過去18カ月の間にIT関係のカンファレンスやイベントに参加した読者の方であれば、本記事のタイトルと同じような話を、ITリーダーやテクノロジベンダーから何度も耳にしたことだろう。一言で述べると、IT部門における予算の約70%が既存インフラの保守に費やされており、新たなイノベーションに使われるのは30%に過ぎないという話である。
このことは、ボストンで開催された「EMC World 2010」でも大きな話題となり、ほとんどの講演者が言及していた。そしてEMCの最高経営責任者(CEO)であるJoe Tucci氏も、現地時間5月10日に行った基調講演の冒頭で、企業をクラウドに向かわせている最大の要因としてこの件を採り上げていた(下記のスライドを参照)。
また、Hewlett-Packard(HP)が11日の午前に「Break IT Innovation Gridlock」(ITにおけるイノベーションの停滞を打破する)という新たなプログラムを発表した際にも、同様のことを述べている。
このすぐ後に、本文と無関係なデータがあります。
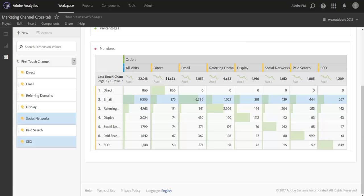So we at Adobe are continuing to improve the attribution capabilities that we're offering with Analysis Workspace. But in the meantime, know that as an Adobe Analytics customer, you do have options like this to dive further into your marketing analysis than you might have originally thought you had.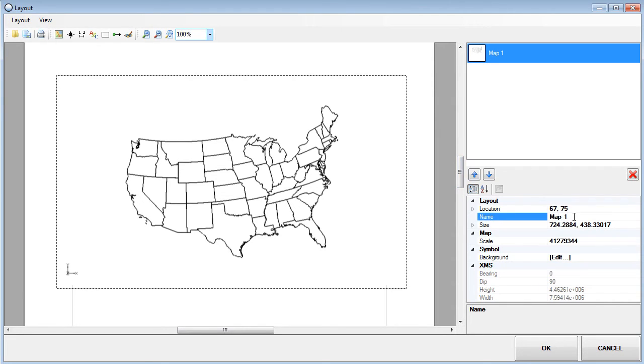Below the list, properties such as location, size, and scale for the selected item are shown.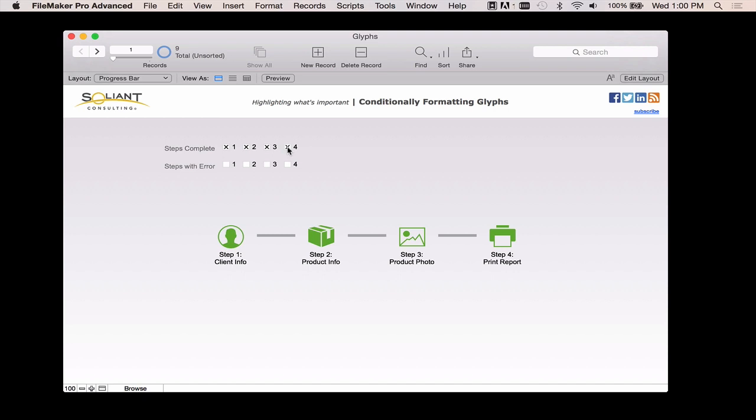So I think that's really nice because if I were to walk away from this record and come back, I would know just how far I've made it through the process. So from a visual perspective, it's quick, it's easy, and it tells me everything I need to know.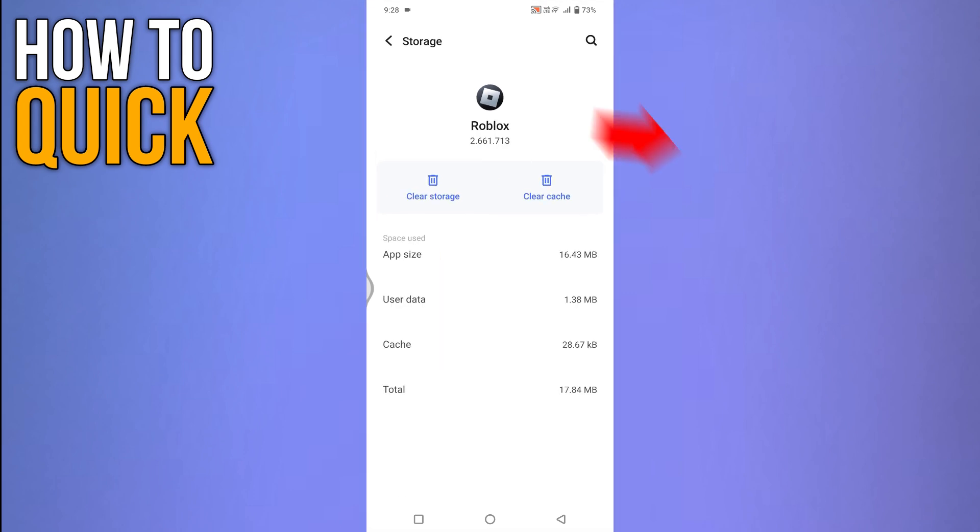Next, tap on the clear cache option. Cache data will be cleared. Clearing the cache won't delete any of your personal files or details but it helps remove temporary issues from the app and hence improves the app's performance.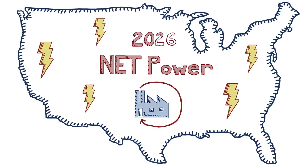This technology could change everything about the way we generate clean energy in the United States. Thanks for listening.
以下は、HP Enterprise Businessの販売、マーケティング、戦略を担当するエクゼクティブバイスプレジデントであるThomas E. Hogan氏が語った内容である。
変化の絶えない現代において、企業にとってイノベーションの停滞を打破できるかどうかが、市場をリードする存在となるか、それとも競合他社の後塵を拝することになるかという分かれ道になることもあるのです。HPを選択することにより、最高情報責任者(CIO)の方々は、運用に回されていたコストを、新たなイノベーションを生み出すプロジェクトに振り向けられるようになります。
さらに悪いことに、IT予算の推定30%がイノベーションに使われているといっても、Tucci氏が今回のEMC Worldにおけるプレゼンテーションで指摘したように、この値は実際にはかなりに高めとなっている。というのも一般的に言って、この30%の多くが、レガシーコードや旧式のシステムの重荷に対処するための新たなテクノロジに投資されているためである。
EMCやHP、そしてCIOたちは皆、こういった状況によって破壊的な結果がもたらされると考えている。旧式のテクノロジを維持するという重荷を背負わされたエンタープライズは、このままではITにかかるコストを浪費させられ、さらには柔軟性をも失うことになるだろう。なぜか?Tucci氏の言葉を借りれば、「われわれは、さらなる情報爆発の時代を迎えようとしている」からだということになる。
Tucci氏が引用した調査(この調査はEMCの依頼で行われた)によると、今後、より多くのシステムが既存データのデジタルフォーマット化を推進するようになるため、2020年におけるデジタルデータのサイズは、2009年に比べると44倍にまで増加するという(Tucci氏による下記のスライドを参照)。
要するに、管理する必要のあるデータがこういったペースで増加することにより、IT部門には機敏かつ柔軟な対応が要求されるようになるわけである。こういった要求に応えられなかった場合、IT部門は既存システムの保守に追われて身動きがとれなくなってしまうだろう。EMCとHPが提唱しているアプローチはそれぞれ異なっているものの、状況が悪化する前に手を打とうとしているのは同じ問題、すなわちITにかかるコストの70%が保守関連であるという現状なのである。